Dutch Oven Cooking > Tips and Tricks

Cooking Temperatures


I know that a LOT of people have shared a "rule of thumb" for calculating the number of briquettes to use on the bottom/top of a dutch oven to get a temperature of around 350 degrees.  The rule of thumb is to take the size of the oven, subtract two coals and put that many under the oven.  Add two coals and put that many on top of the oven.  So a 12-inch dutch oven would have 10 briquettes underneath and 14 briquettes on top.

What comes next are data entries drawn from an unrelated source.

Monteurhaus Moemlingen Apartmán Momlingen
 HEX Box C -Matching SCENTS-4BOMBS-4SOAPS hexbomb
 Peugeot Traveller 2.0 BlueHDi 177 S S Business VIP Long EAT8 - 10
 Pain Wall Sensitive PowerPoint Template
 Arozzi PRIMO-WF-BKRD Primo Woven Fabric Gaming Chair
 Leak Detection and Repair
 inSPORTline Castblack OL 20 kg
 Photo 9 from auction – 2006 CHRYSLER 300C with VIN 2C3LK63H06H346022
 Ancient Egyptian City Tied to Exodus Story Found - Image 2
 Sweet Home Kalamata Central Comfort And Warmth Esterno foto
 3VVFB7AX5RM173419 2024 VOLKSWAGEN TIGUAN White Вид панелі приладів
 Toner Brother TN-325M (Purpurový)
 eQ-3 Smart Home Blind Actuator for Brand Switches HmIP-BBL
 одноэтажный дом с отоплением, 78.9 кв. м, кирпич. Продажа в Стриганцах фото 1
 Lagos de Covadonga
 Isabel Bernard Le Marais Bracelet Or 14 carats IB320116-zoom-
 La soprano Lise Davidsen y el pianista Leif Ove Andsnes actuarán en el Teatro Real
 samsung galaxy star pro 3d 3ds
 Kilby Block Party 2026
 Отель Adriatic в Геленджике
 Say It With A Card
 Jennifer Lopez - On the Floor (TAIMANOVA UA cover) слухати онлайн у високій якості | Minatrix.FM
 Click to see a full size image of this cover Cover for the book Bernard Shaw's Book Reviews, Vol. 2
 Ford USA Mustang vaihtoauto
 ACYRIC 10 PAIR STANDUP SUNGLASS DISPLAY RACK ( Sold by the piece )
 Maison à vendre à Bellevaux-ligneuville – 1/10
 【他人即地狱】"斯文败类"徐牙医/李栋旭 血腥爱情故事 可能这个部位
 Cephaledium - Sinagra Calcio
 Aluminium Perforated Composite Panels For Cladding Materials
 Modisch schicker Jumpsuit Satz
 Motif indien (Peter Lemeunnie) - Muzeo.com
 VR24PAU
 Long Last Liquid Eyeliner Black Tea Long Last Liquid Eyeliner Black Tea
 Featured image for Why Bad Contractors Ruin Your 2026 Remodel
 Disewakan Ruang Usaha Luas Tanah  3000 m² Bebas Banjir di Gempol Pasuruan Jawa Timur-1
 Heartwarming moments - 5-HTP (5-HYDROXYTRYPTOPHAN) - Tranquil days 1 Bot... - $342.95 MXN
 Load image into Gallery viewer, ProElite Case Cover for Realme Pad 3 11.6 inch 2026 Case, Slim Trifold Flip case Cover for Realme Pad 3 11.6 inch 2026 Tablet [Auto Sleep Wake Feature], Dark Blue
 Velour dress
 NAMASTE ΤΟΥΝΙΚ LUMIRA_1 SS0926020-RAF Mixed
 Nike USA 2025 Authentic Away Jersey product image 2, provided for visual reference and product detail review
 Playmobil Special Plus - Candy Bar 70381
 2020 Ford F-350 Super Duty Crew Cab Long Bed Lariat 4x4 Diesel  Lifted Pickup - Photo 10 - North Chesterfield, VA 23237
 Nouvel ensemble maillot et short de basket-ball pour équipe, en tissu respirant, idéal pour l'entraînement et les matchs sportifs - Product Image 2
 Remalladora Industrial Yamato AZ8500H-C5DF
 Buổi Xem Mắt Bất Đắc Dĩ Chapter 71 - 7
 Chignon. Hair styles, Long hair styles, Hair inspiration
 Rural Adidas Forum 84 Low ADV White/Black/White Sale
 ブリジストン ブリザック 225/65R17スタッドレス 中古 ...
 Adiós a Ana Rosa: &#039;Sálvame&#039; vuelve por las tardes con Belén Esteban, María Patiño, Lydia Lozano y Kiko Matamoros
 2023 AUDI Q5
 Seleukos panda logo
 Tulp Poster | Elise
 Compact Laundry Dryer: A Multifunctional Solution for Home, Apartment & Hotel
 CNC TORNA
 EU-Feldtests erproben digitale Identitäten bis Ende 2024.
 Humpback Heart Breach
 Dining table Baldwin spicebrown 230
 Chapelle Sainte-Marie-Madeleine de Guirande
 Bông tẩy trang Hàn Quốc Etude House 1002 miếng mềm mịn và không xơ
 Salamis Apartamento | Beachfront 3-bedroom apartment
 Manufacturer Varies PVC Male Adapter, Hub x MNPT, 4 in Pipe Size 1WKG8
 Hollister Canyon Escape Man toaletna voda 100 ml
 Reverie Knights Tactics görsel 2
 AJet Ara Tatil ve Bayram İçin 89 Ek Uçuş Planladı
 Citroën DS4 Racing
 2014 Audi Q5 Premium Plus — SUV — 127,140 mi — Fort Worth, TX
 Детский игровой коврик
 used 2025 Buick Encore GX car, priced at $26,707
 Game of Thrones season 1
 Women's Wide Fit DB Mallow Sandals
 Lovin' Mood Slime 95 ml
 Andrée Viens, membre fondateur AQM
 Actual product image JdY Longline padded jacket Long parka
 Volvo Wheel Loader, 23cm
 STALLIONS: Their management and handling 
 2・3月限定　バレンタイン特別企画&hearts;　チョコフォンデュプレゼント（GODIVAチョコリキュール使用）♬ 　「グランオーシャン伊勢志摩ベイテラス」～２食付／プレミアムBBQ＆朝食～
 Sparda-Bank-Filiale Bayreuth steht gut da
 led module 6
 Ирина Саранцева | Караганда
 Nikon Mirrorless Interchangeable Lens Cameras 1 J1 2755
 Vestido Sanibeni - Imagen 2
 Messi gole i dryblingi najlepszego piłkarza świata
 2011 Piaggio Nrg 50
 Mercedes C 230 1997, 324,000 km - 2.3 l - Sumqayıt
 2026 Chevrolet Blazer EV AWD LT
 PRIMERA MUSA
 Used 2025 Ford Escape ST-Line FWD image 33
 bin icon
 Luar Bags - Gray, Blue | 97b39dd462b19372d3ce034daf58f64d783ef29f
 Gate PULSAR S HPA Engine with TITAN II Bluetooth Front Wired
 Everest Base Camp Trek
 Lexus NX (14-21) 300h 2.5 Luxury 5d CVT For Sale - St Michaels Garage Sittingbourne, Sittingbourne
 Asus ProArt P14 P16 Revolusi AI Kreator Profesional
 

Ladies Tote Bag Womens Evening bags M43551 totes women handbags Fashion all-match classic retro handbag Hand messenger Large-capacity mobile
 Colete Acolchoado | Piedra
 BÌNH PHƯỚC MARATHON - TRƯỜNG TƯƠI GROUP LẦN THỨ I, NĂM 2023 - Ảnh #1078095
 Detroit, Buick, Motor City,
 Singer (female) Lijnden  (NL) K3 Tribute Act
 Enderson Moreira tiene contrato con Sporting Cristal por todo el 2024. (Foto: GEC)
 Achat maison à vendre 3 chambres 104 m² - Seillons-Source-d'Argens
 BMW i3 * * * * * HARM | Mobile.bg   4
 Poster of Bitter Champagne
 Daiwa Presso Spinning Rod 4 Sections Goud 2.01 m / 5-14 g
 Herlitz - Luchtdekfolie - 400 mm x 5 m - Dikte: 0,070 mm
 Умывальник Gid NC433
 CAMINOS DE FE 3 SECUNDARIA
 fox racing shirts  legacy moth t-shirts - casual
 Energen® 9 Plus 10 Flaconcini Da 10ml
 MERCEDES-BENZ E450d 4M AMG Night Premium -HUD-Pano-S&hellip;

I found that this works VERY well--if you have a 12-inch dutch oven.  When I use this rule of thumb with a 10-inch oven, it's quite a bit hotter than a 12-inch oven.  When I use it with a 14-inch oven, it's quite a bit cooler than a 12-inch oven.  This became quite clear when I made giant cinnamon rolls in my ovens yesterday.  I made a dozen, and they were so big, only 8 of them fit in my 14-inch oven, so I put the other 4 in my 10-inch oven.  Using this rule of thumb, the rolls in the 10-inch oven were done a LOT quicker than the rolls in the 14-inch oven.

I used to tell people this rule of thumb when all I had was a pair of 12-inch lodge logic ovens.  But now that I have a 10 and a 14, I'm trying to figure out how to REALLY know how hot the oven is inside.

How do you cook in larger/smaller-than-12-inch ovens?

I just stick with counting. I tried the "ring" method once, and it was a complete disaster. I know that others swear by it, but you do what works for you, you know?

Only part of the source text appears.